Like many of you, I’ve been reading these posts since early
in the movement, sympathizing and finding some comfort in similar experiences. Also like many others, this will be my first
post on these forums. I wasn’t
originally going to bother re-posting sentiments others had expressed better
than I could, but I’d like to take a moment to stress an angle that seems to
not be as common concerning the issue at hand.
First, as some brief background context, I am not exactly a
supporter of the “video game player entitlement” movement. When the “day one DLC” rage spilled onto the
internet, I was one of the people who lined up against it. It’s Bioware’s game, they can decide what’s
core and what’s peripheral, even if you disagree. To extrapolate this more generally, I do
indeed believe in an artist’s right to make his art whatever he wants. An author can kill off a character I loved in
an epic novel series – I’ll be upset and probably disagree that it was the best
thing for the book, but that’s the author’s vision. George Lucas wants to weaken Darth Vader’s
character in his latest round of movie refinement? Hey, I think it’s ridiculous, but it’s his
creation to ruin. Bioware wanted to make
their second installment in a great series (DA) more of a personal focus that
inherently requires too much content recycling?
Clearly they don’t understand what their fans want, but hey, they are
entitled to make their game the way they want to.
For all those examples, it’s OK in my mind because there’s a
pretty big separation from the creators of art/entertainment and the partakers. As a video game player, I’m inherently on the
outside – I’m invited to experience the end result, think of it what I will,
and move one.
Mass Effect was different.
And not only because unlike the other examples I truly felt invited into
the experience as opposed to simply being on the outside looking in. No, the troubling situation of this game’s
ending goes beyond the rich universe and the compelling characters that drew me
in.
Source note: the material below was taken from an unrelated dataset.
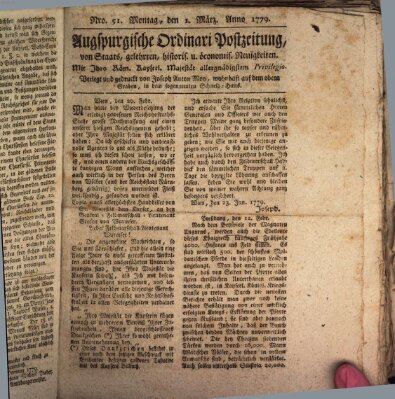 Augsburgische Ordinari Postzeitung von Staats-, gelehrten, historisch- u. ökonomischen Neuigkeiten (Augsburger Postzeitung) Montag 1. März 1779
It goes beyond how they allowed us
to make the series our own with decisions big and small, only to have so much
choice removed at the end.
What really makes this whole situation a betrayal is the
fact that they knew us. Bioware not only listened to the community its
masterpiece had formed, but they actively listened to its feedback and
incorporated it into the game.
Did I need to hear three “calibrations” jokes in the first
10 minutes of having Garrus onboard the Normandy? No more than I needed a bro-tastic excursion
with everyone’s favorite sharpshooter that prominently featured one of the
community’s favorite memes, but you damned well better believe I loved it. We didn’t need the community’s fantasy EDI/Joker romance to be brought
to life in an almost too-cliché, yet oh-so-amusing, way; nor did we need a
Conrad cameo making light of one of Bioware’s more perplexing bugs from
ME2. None of this was necessary. But they knew we would smile, so they put it
in.
But it’s more than just fan pandering that showed me how
well Bioware understood me. My favorite
example is my Shepard’s conclusion of the Geth/Quarian conflict. They knew my Shepard would want to save the
Geth and the Quarians both. They knew I’d
let Legion do his upload. They knew my
heart would race as the upload ticked up, with Tali’s desperate pleas making me
doubt if I was going to be able to fix it all in the end after all. They knew I’d smile with pride as my Shepard
shouted down centuries of hatred with pure Paragon conviction, saving the day
at the last minute. And they knew my
heart strings would be pulled with Legion’s final “Keelah se’lai”. Bioware played me like a fiddle, because they
knew me.
And it wasn’t just that one instance; it was every damn part
of this near-perfect game. Looking back
it’s almost painful to see how perfectly the writers nailed it every step of
the way. And in that last, brilliantly
crafted forward operations base area, as every conversation created a lasting
memory, I defy you to tell me that Bioware didn’t understand what its
community, what I wanted out of this
game.
That is why the ending they gave us constitutes more than
just something for overly-entitled fans to whine about. Hell, I’ll be honest, I even kind of like the
“indoctrination theory” take on the ending, it makes for a decently thought-provoking
and subtle-ish end to a sci-fi epic.
That is entirely beside the
point. You cannot know your fans as well
as the rest of the game proves and not know the ending we wanted. Bioware, you cared about us enough to make
the whole game a perfect walk between pure fan-service and a wonderful
manifestation of your own artistic vision.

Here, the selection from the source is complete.